Todos con sus matices, con sus exigencias y con
su fondo, pero hubo uno, el Ferretero cuarto, que fue la excelencia entre lo
bueno y se premió con la vuelta al ruedo. Y no hay que olvidar al quinto, que
dejó bravura y entrega entre la resaca del anterior.
Con estos mimbres llegó Padilla a entregarse a su concepto
del toreo y hasta pudo estirarse con la excelencia del cuarto, con el que
anduvo variado, asentado y hasta despatarrado, intentando siempre torearlo
despacio y saborear cada arrancada, siempre dentro de su tauromaquia y de su
compromiso con el público.

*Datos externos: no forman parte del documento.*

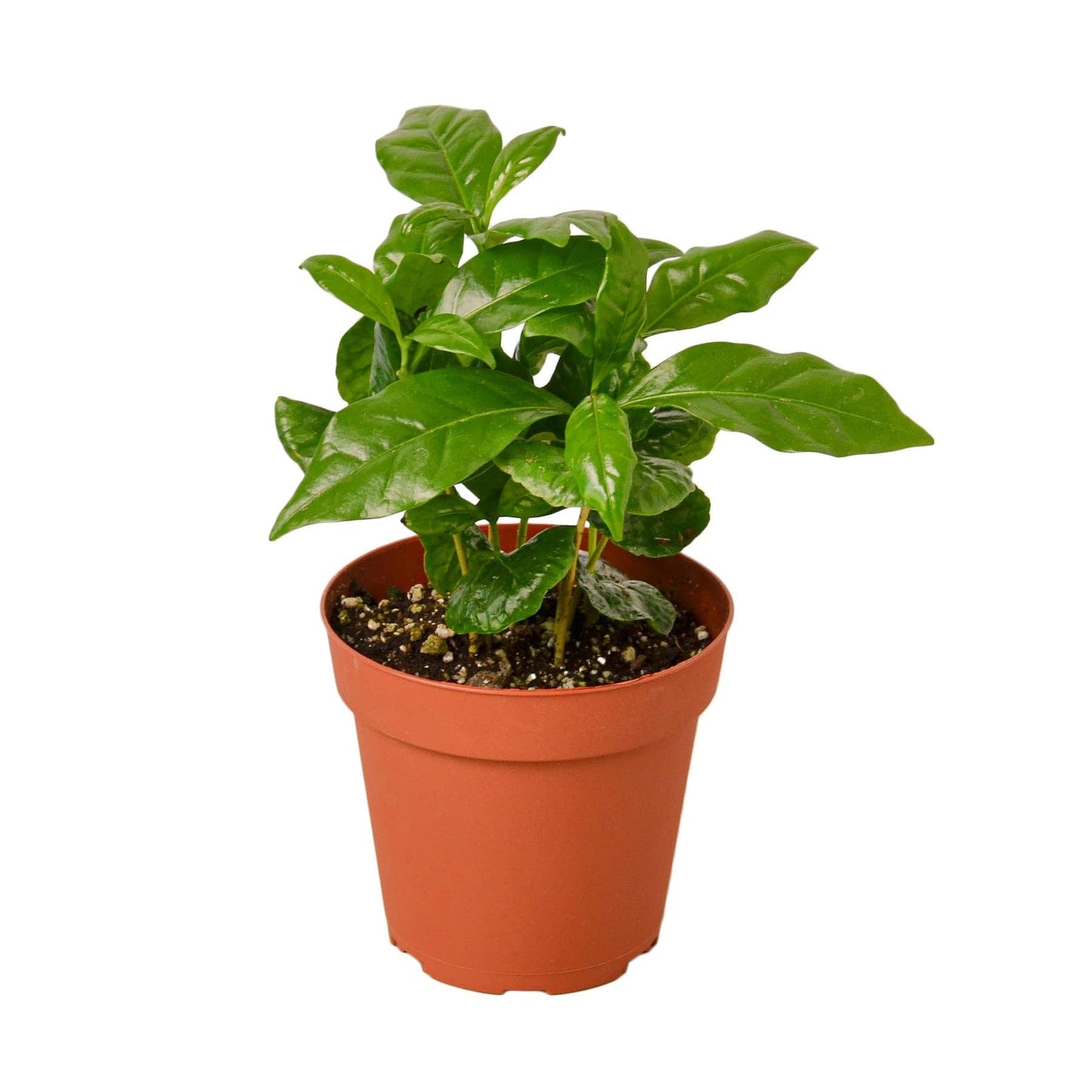Arabica Coffee | Live Plant for Indoor & Outdoor | for Living Room, Office, Bathroom | (3" Pot)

En ambos toros marró con el acero y en ambos perdió
el pelo, que no el cariño de una plaza cubierta en un tercio.
Ese tercio volvió a ver cómo dejaba muerto el trapo El Cid
con la zurda, cómo se abandonaba con el quinto y cómo recuperaba el oxígeno en
una temporada de arrastrar circunstancias y pesares. Emocionado se vio al
sevillano al volver a erigirse en torero roto y fundido con el excelente animal
de Jandilla, al que le dejó momentos de retina y una estocada de premio para
cortarle una oreja.
Otra cortó el debutante José Garrido, al que Bilbao tuvo la
sensibilidad de recibirlo con una ovación. Fue con el tercero, que tuvo
exigencia pero buen fondo para que lanzase trapo el extremeño y se quedase más
quieto que los postes de la luz. Supo resolver con ese y supo entregarse con el
sexto, que se le paró muy pronto para obligarlo a tragar y tirar de recursos.
Bilbao le otorgó de nuevo su placet.
Se lo otorgaron los que acudieron, que no fueron muchos más
que ayer. Y a la semana ya le queda menos.